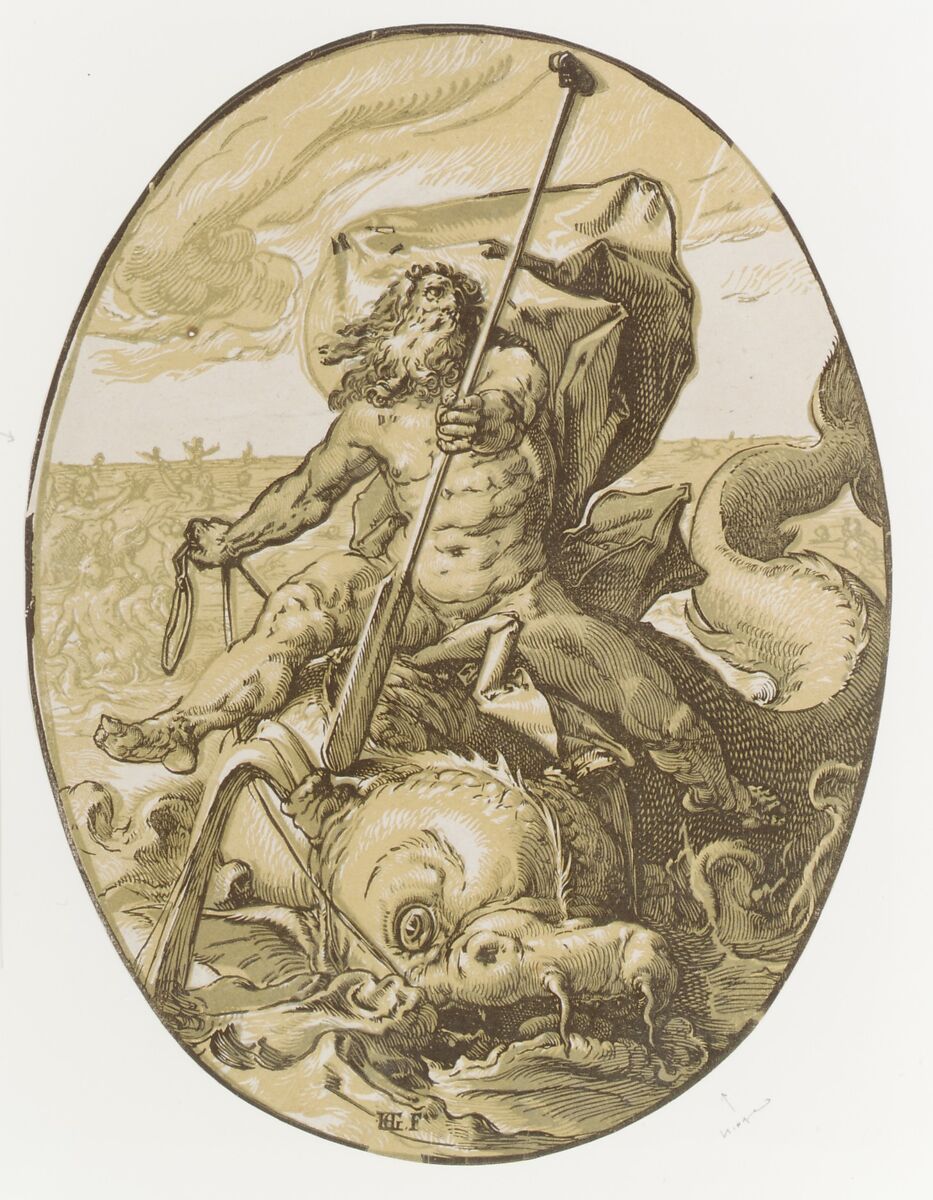 Oceanus, Hendrick Goltzius (Netherlandish, Mühlbracht 1558–1617 Haarlem), Chiaroscuro woodcut from three blocks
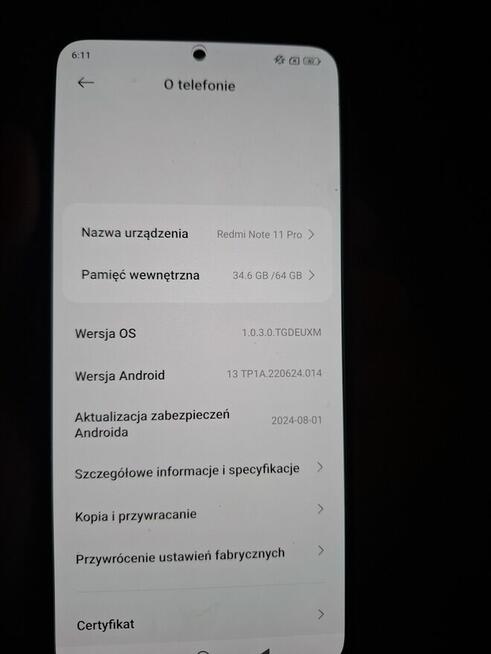 Sprzedam Xiaomi Note 11 pro 64GB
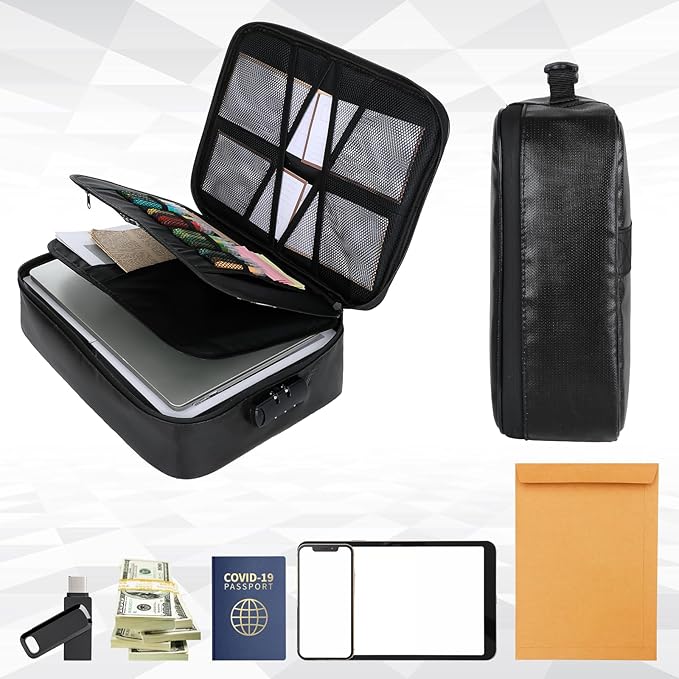 Fireproof Document Box with Lock, Waterproof File Organizer Portable Travel Safe Storage Black Insulated Document Holder for Important Documents Passport Certificates Money U Disk Cards - Image 4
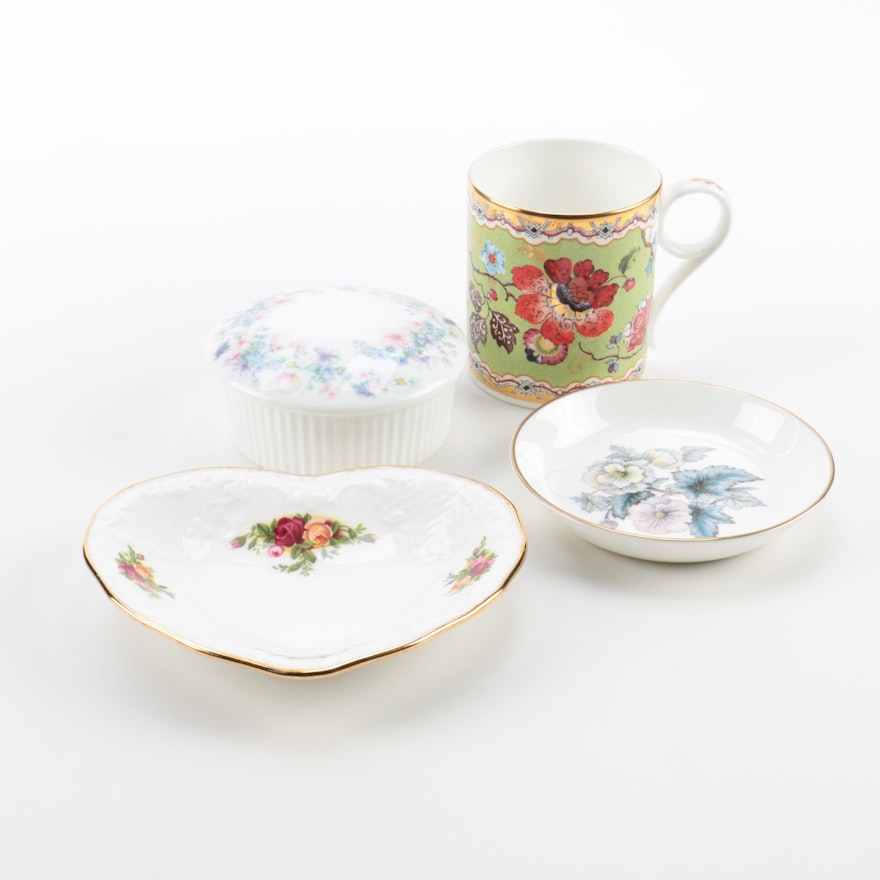 Vintage English Porcelain Plates and Trinket Box Featuring Wedgwood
####################
This task calls for the listing to be restated exactly, with images omitted.

 Oceanus, Hendrick Goltzius (Netherlandish, Mühlbracht 1558–1617 Haarlem), Chiaroscuro woodcut from three blocks
 Sprzedam Xiaomi Note 11 pro 64GB
 Fireproof Document Box with Lock, Waterproof File Organizer Portable Travel Safe Storage Black Insulated Document Holder for Important Documents Passport Certificates Money U Disk Cards - Image 4
 Vintage English Porcelain Plates and Trinket Box Featuring Wedgwood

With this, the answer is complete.